An online banner ad impression can last a mere glimpse of a second because the page it is seen on is flicked through. For example, image galleries in news articles change banner every time you look at a new picture. It can also be an impression that happens to be seen only in part because the user didn’t scroll enough to see it in full, or in worst cases, be triggered fraudulently by placing its tracking tag without actually ever displaying that impression.

CPCs can also be a flawed indicator. It tells us that someone has clicked the ad, but does not guarantee this click has any value. It could be an unintended click by the user, or simply doesn’t translate into more than a couple of seconds’ visit on your website.

The problem is that this outdated KPI framework has opened the door to those who wish to abuse it and greatly facilitates the deterioration of the online ad inventory.

The optimist will remind you we have existing solutions to at least curb this trend. Ad viewability measures have been in the market for a few years now, and viewability standards have finally been recognized in the U.S.

Sadly, we are still lagging behind as solutions to help track ad viewability are not welcomed with open arms.

One of the most basic solutions required to measure viewability is third-party ad-serving, i.e. having an independent provider serve the ad, not the publisher. Many sites do not like them because they can hurt their bottom line (for a variety of reasons, some valid, some less defendable), and many brands do not push actively for them because they come with a cost they are not willing to pay.

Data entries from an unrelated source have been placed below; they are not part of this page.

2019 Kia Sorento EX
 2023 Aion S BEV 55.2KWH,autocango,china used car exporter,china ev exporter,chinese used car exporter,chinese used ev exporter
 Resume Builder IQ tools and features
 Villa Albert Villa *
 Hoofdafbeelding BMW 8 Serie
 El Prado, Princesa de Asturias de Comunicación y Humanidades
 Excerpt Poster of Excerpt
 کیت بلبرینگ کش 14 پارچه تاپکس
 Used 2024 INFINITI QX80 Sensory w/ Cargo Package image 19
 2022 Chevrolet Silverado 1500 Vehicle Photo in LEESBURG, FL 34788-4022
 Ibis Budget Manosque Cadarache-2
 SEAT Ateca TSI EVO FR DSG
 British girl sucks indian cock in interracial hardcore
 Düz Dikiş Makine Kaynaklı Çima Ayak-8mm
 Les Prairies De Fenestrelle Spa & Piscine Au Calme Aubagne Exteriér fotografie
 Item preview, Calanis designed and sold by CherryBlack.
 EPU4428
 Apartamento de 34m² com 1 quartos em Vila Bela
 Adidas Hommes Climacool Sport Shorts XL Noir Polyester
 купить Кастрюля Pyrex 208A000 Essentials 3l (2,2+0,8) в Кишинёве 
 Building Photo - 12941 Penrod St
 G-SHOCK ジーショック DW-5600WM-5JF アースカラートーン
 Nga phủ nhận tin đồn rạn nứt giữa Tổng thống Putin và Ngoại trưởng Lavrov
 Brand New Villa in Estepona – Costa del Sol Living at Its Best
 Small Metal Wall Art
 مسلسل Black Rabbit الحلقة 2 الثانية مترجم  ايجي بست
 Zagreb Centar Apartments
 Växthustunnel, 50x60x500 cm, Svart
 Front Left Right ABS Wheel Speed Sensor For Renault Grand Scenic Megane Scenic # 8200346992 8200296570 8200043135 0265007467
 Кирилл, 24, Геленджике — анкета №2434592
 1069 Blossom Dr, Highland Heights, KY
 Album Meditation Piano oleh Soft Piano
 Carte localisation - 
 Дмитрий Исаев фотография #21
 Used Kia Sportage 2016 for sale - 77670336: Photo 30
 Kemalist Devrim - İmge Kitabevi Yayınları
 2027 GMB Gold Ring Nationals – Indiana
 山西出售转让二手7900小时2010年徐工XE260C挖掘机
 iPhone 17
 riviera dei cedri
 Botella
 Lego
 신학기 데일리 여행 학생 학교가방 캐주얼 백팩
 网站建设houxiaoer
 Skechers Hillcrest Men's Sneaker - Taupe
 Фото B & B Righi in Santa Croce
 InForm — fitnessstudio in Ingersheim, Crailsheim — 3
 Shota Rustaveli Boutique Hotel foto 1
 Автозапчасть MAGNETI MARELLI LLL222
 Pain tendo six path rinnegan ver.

So imagine how much appetite there is in the market for viewability solutions, which require investment from both third-party ad serving and tracking of viewability.

All this does matter if the digital industry wants to remain healthy as a demand building advertising platform. When a large portion of inventory shows little to no value, many publishers and digital marketers are bound to wake up with a severe hangover.

The bottom line is that everyone needs to change. Publishers will lose that fight in the long term and need to focus on quality inventory and transparency. This means offering impressions that are in sight for at least a few seconds at the very least, and allowing third-party ad-serving of their inventory. But this can only happen if brands make the effort and investment to look at the right metrics, and understand that in the long-term this will drive to inflation of online costs for impressions.

It cannot just be about the stick, it also needs a carrot.

And finally, looking into the mirror, agencies cannot just be bystanders and hide behind the status quo. We need to maintain pressure on all sides to evangelize better ways, champion the discussion with our clients, and support publishers who are willing to change.

Image via Shutterstock.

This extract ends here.